### EXERCISE MATERIALS
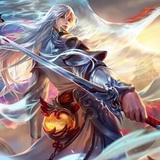 红尘君手游竞技高手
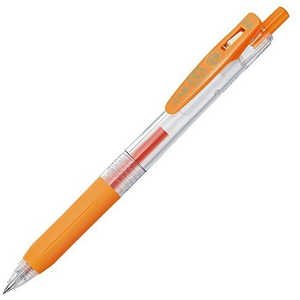 ゼブラ サラサクリップ04 N OR 1本入N P-JJS15-OR ゼブラ サラサクリップ04 N OR 1本入N P-JJS15-OR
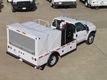 0 TTC Fuel - Lube - Truck  - 9769281 - 0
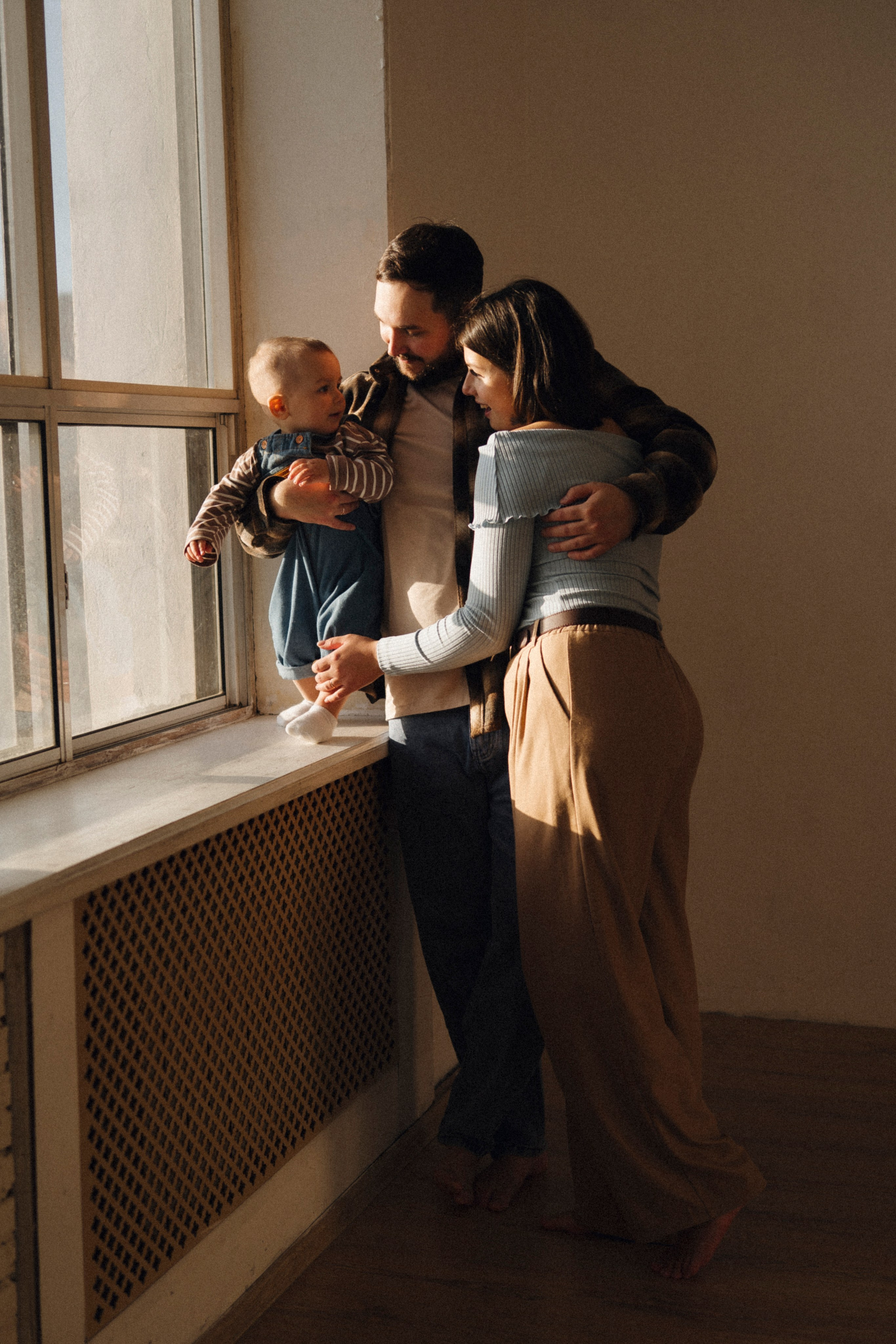 Жизнь моя. Свадебный и семейный фотограф в Йошкар-Оле, Питере и Казани Александра Богинич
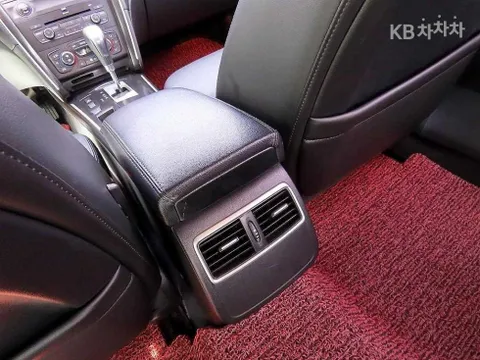 Renault SM7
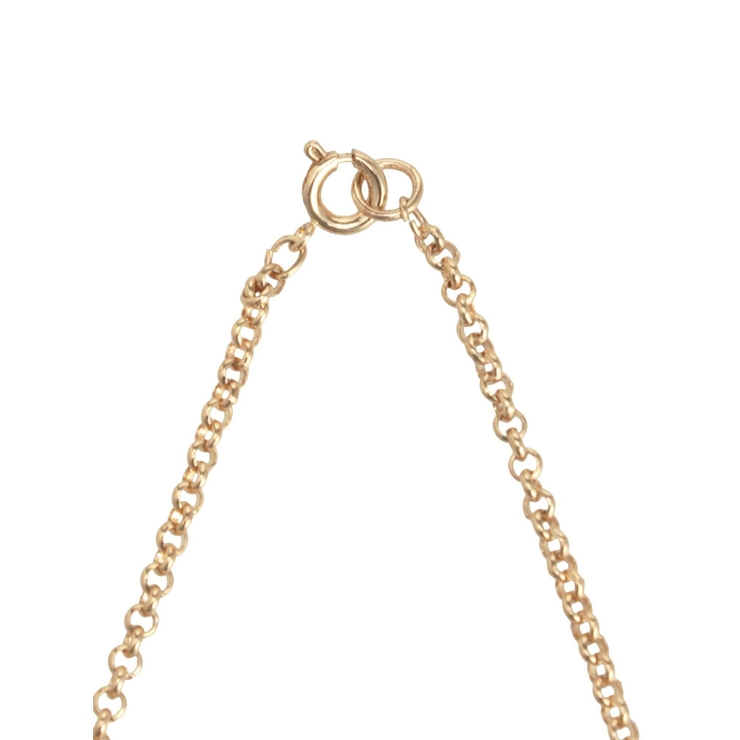 モチーフタングルドチェーン | EMODA | 詳細画像9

### REQUIRED WORK
Everything in the listing must be copied exactly except the pictures.

### RESULT OF THE EXERCISE
 红尘君手游竞技高手
 ゼブラ サラサクリップ04 N OR 1本入N P-JJS15-OR ゼブラ サラサクリップ04 N OR 1本入N P-JJS15-OR
 0 TTC Fuel - Lube - Truck  - 9769281 - 0
 Жизнь моя. Свадебный и семейный фотограф в Йошкар-Оле, Питере и Казани Александра Богинич
 Renault SM7
 モチーフタングルドチェーン | EMODA | 詳細画像9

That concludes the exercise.